His question for all the carnival writers was roughly around whether we would have accept the fact that local journalism doesn’t pay. I decided to address ideas on how to make hyperlocal or community journalism viable.

The history of hyperlocal site has many well-traveled journeys that came up short and many others that were lost before ever receiving hype.  It doesn’t take a lot of searching to find these listless ghost ships in the night.

They, in a word, weren’t LOVED.

If I had the formula for winning with hyperlocal content, or the equally dreadful phrase “community news” sites, I doubt I’d be writing this. I’d be too busy selling it. Every local publisher wants it and global players like Google and Yahoo want to conquer local as the last frontier.

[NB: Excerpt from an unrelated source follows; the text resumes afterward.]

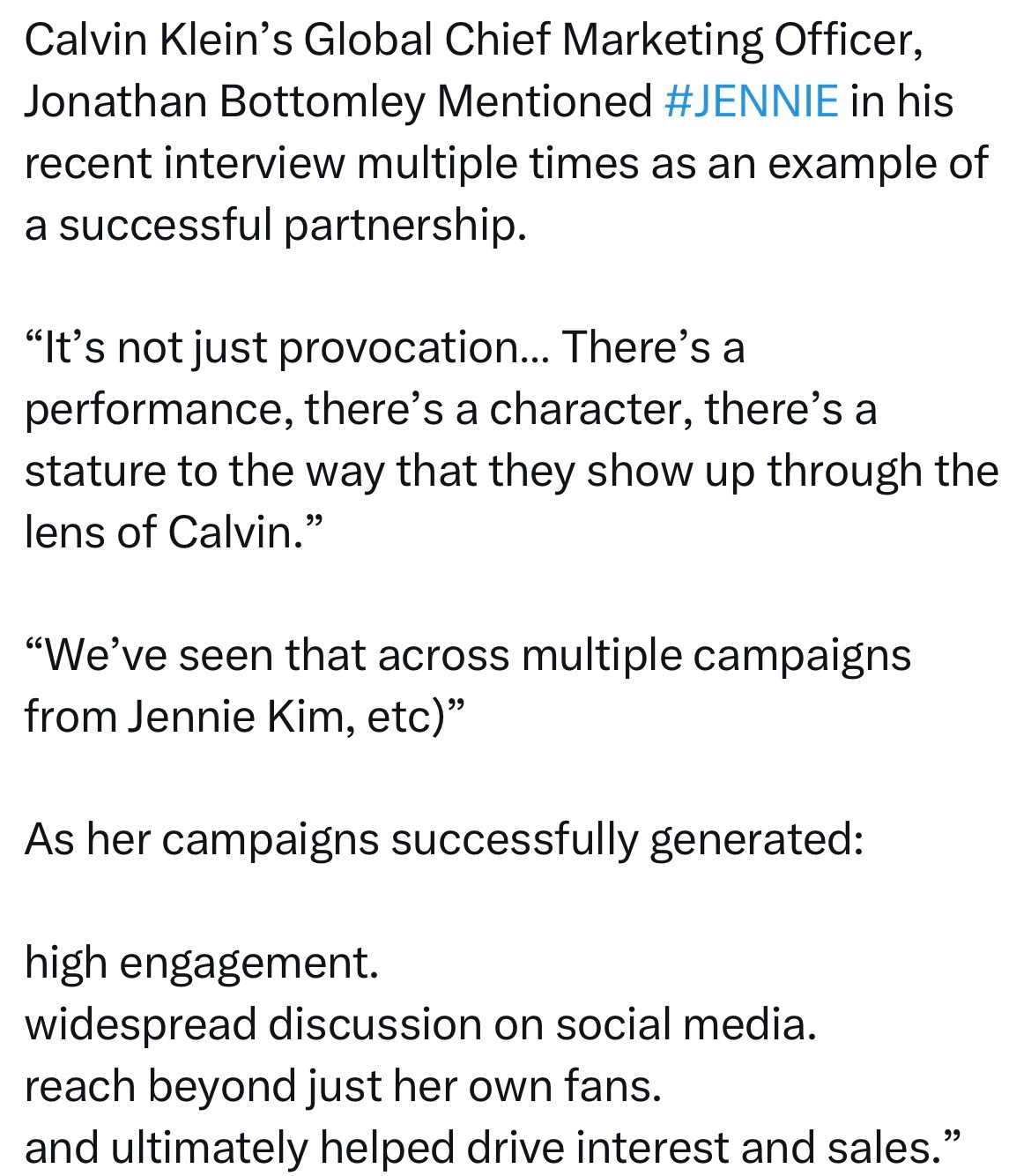 Calvin Klein 全球首席营销官 Jonathan Bottomley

Everybody wants a great site that dives deep, deep into local, but nobody is getting “9’s” when the judges hold up the scorecards  As a niche, is there something peculiarly wrong with local?

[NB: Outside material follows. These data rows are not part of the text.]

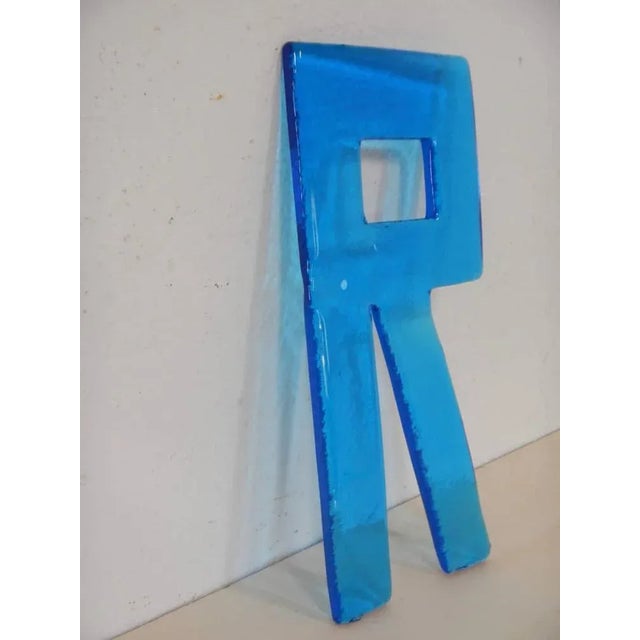 Letter R in Glass, 1980s, in Very Good conditions. Designed 1980 to 1989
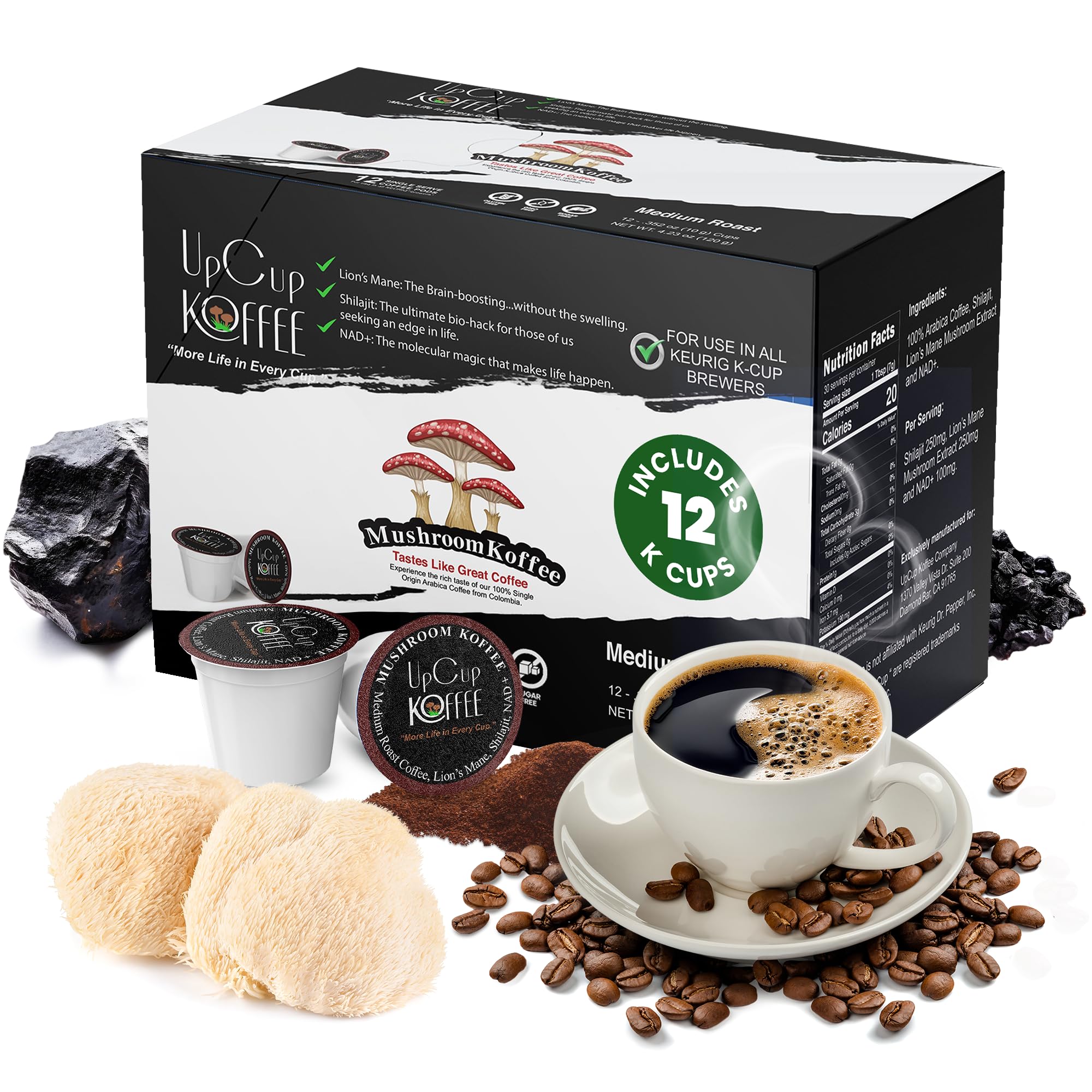 Amazon.com : UpCup Koffee Functional Mushroom Coffee K Cups - 100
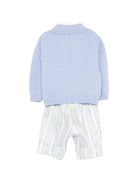Set cardigan e salopette per neonato Colorichiari azzurro a righe con fiocco (4 pezzi) MN408415 4885a 53 COLORICHIARI KIDS 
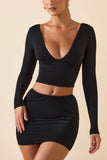 Modal Plunge Long Sleeve Top in Black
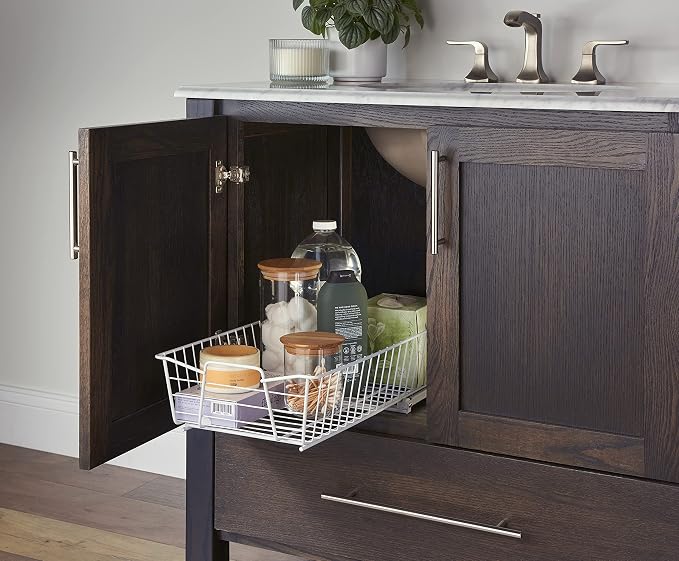 ClosetMaid Pull Out Cabinet Organizer, Heavy Duty, Slide Out Pantry Shelves Drawers for Kitchen, Bathroom, 5.25" H x 11.13" W x 20" D, White - Image 6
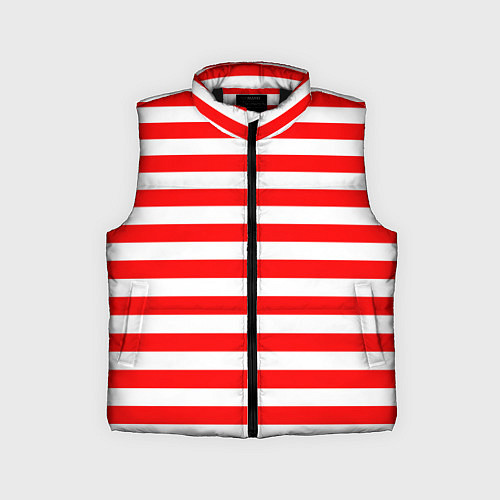 Детский жилет Красный полосатый новогодний леденец / 3D-Черный – фото 1
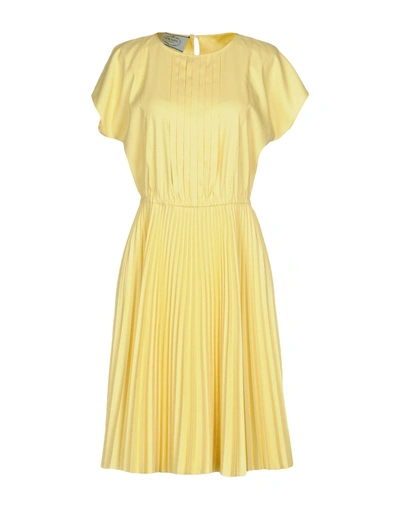 Shop Prada Knee-length Dresses In Yellow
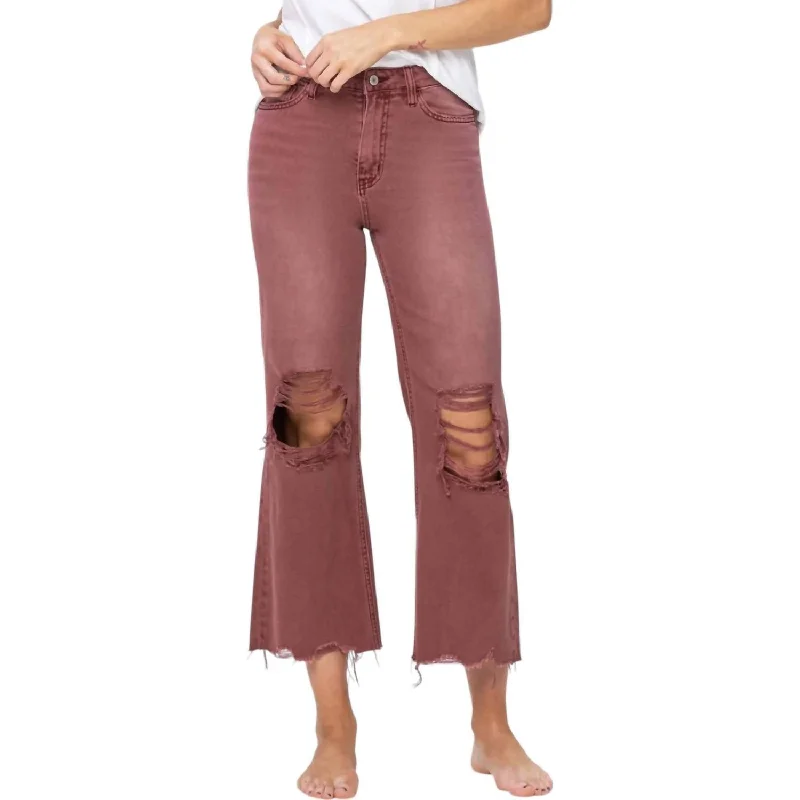 Women's Cropped PantsVintage-Inspired 90's Flare Jeans In Russet Brown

Nothing more than it being hard to do well, really hard. Magic sites of user generated content (build them and they will come) turned out to be another in a long line of perpetual motion proposals. Oh, but the drawings (business plans) did look wonderful

But while the well-funded efforts have mostly been failures, or more charitably, lack-luster performers, you can find in nearly every community, someone, who, without the benefit of capital budgets, marketing staffs and stock-option plans, has created a site that people recommend to others or that generates backyard buzz.

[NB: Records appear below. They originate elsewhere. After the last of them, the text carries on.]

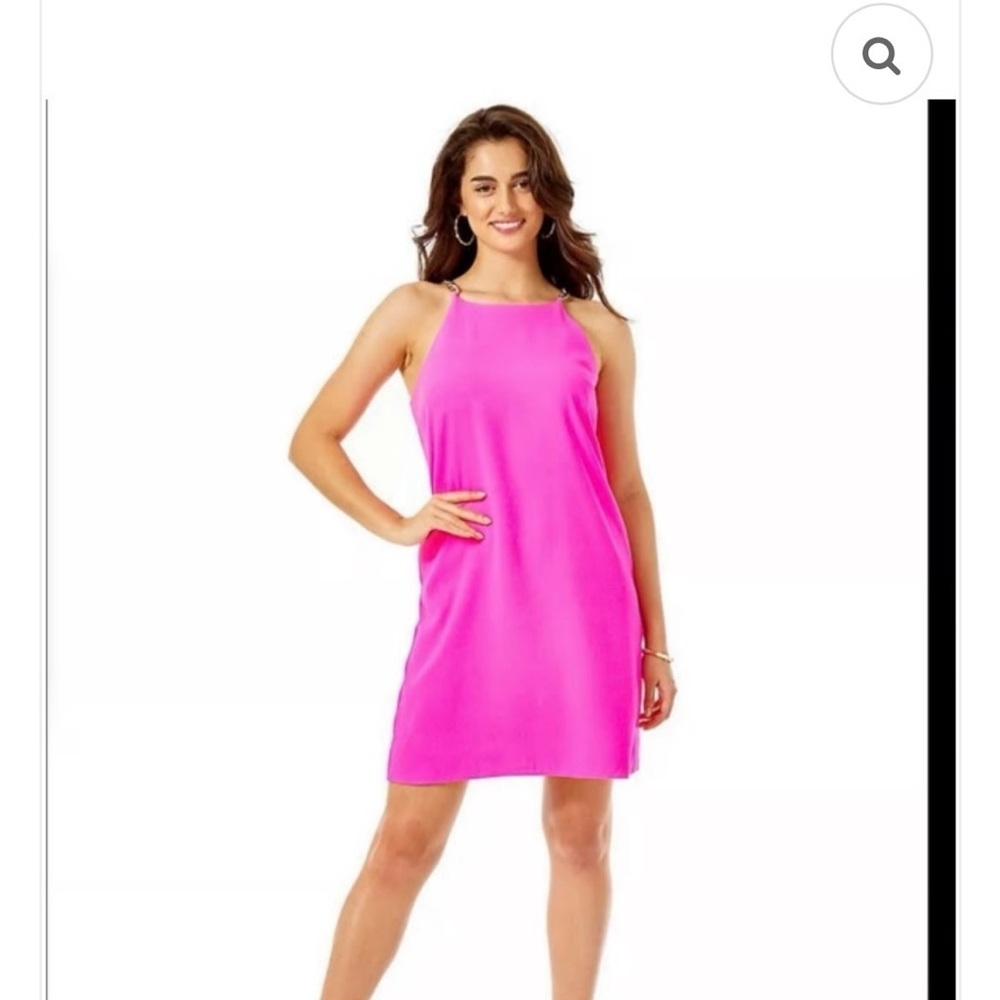 Lilly Pulitzer Adrienne gold chain halter dress in raz berry size 4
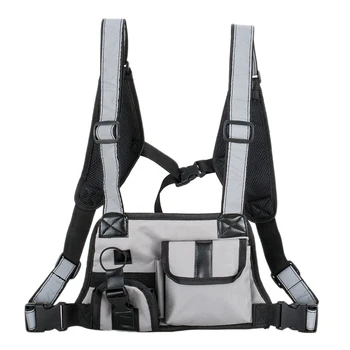 

Men Nylon Chest Rig Bag Hip Hop Unisex Streetwear Functional Multi-Function Chest Bag Strap Vest Bag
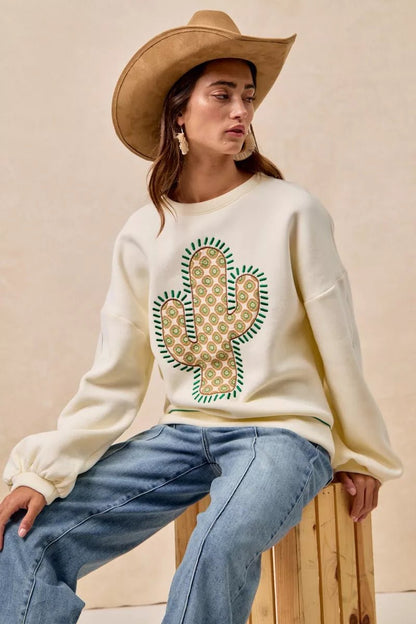 BiBi Cactus Embroidered Fleece Sweatshirt - Bitsy Gypsy Boutique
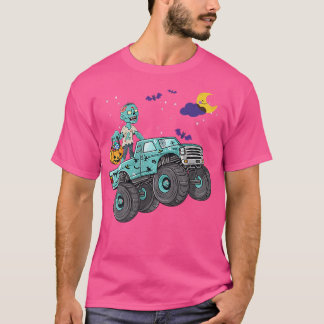 Halloween Skeleton Zombie Riding Monster Truck Vam T-shirt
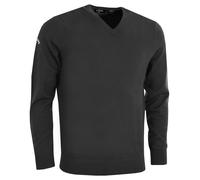 (L, Black Onyx) Callaway Mens Ribbed V Neck Merino Sweater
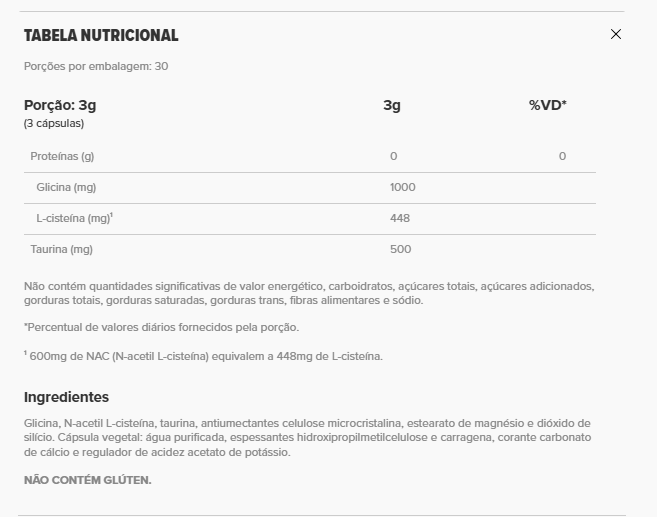 ESSENTIAL - Nac+Glycine+Taurine - 90 capsulas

Let’s leave the magic behind and look at what good old-fashioned long hours, hard work and sharp pencils  have to offer. In addition to individuals who have created wonderful local online presences, there are numerous shoppers, weeklies, and small dailies that are darned successful in print. Well-read, attracting advertisers and profitable. There is quality evidence that there is both audience and advertisers for local news and infrormation.

Short of answers, I do have suggestions on what is needed to create a site focused on the small geographical areas known as local communities.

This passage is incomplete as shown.